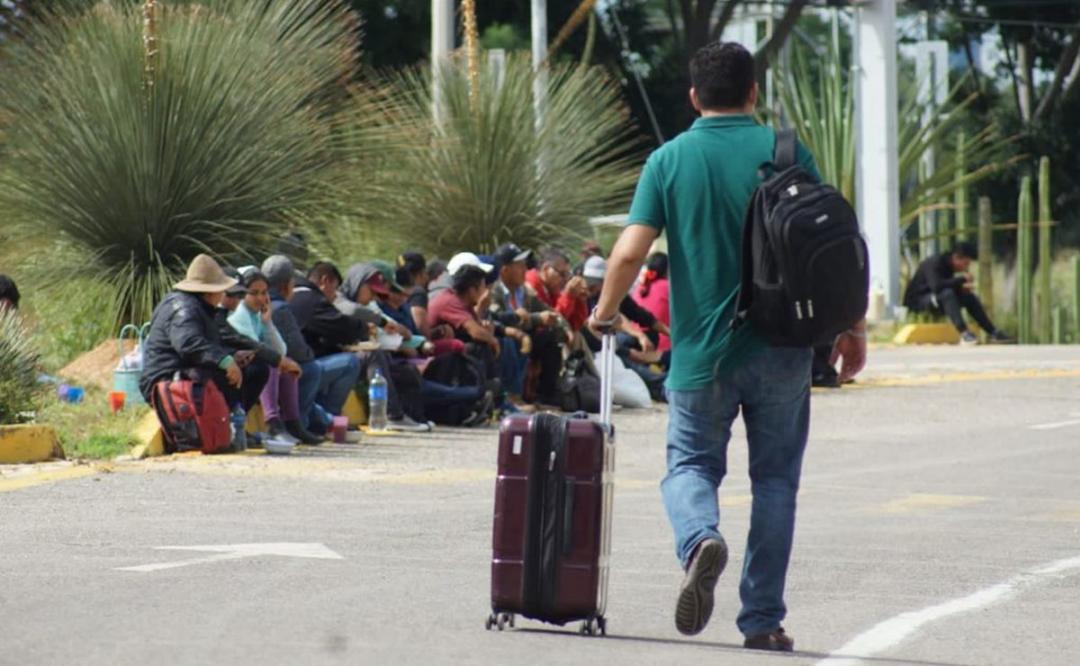 Organizaciones bloquean crucero del aeropuerto de Oaxaca; protestan en 4 regiones y exigen audiencia con Murat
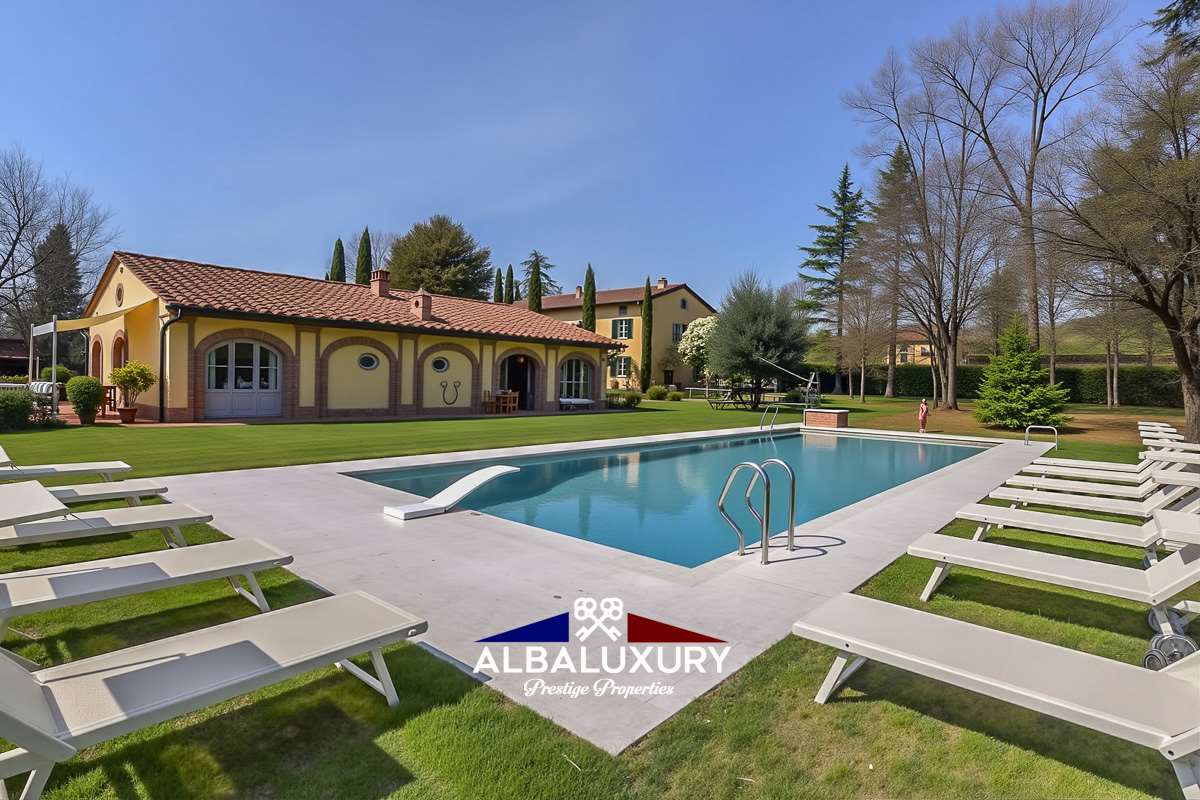 Luxury Estate with Three Independent Villas, ...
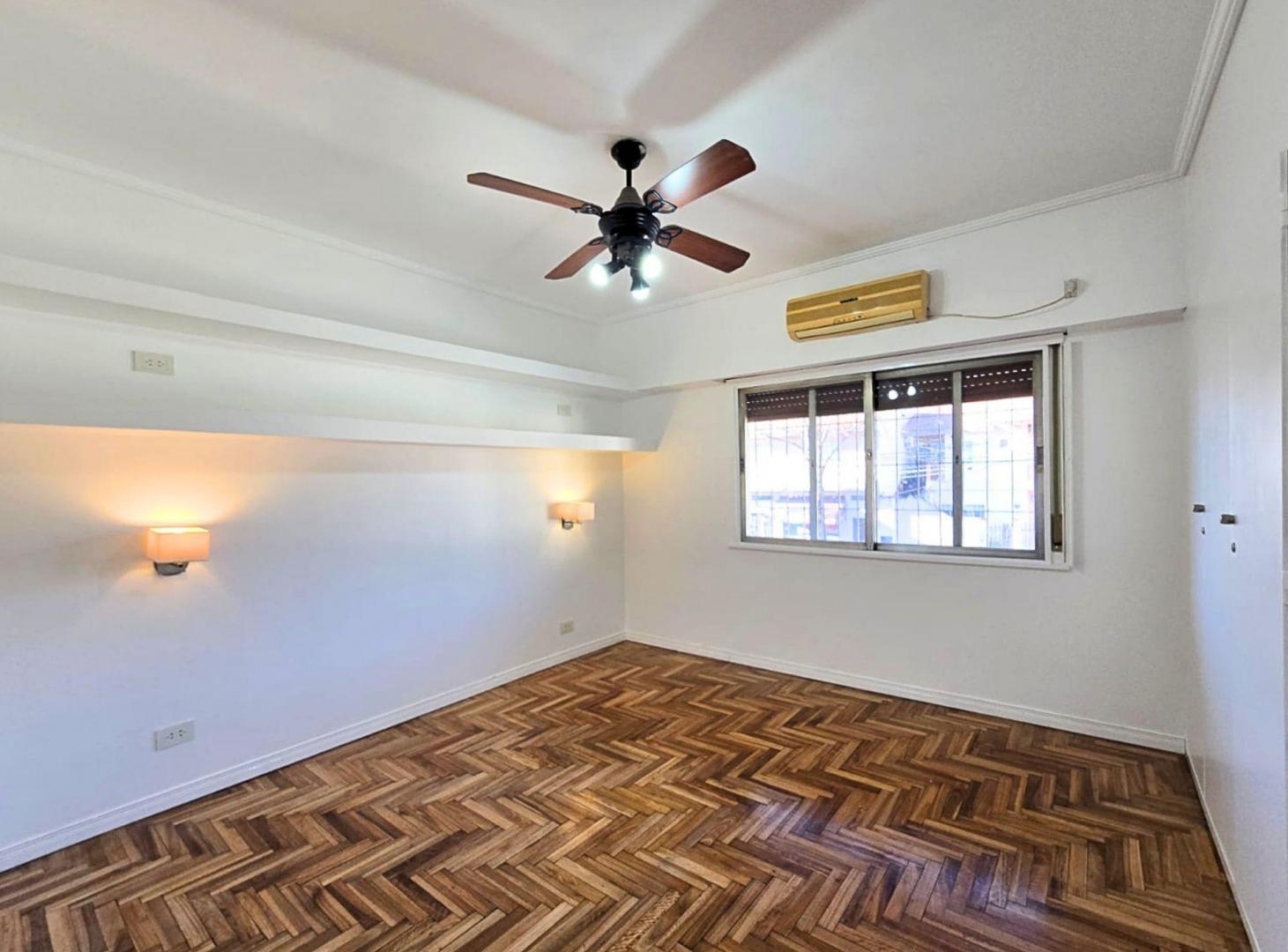 Foto de ALQUILER Excelente DUPLEX con Jardín y Pileta, imagen 2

------------------------------------------------------------------------

▶ [Required action] Write out the listing again word for word, but without its pictures.

▶ [Answer section]
 Organizaciones bloquean crucero del aeropuerto de Oaxaca; protestan en 4 regiones y exigen audiencia con Murat
 Luxury Estate with Three Independent Villas, ...
 Foto de ALQUILER Excelente DUPLEX con Jardín y Pileta, imagen 2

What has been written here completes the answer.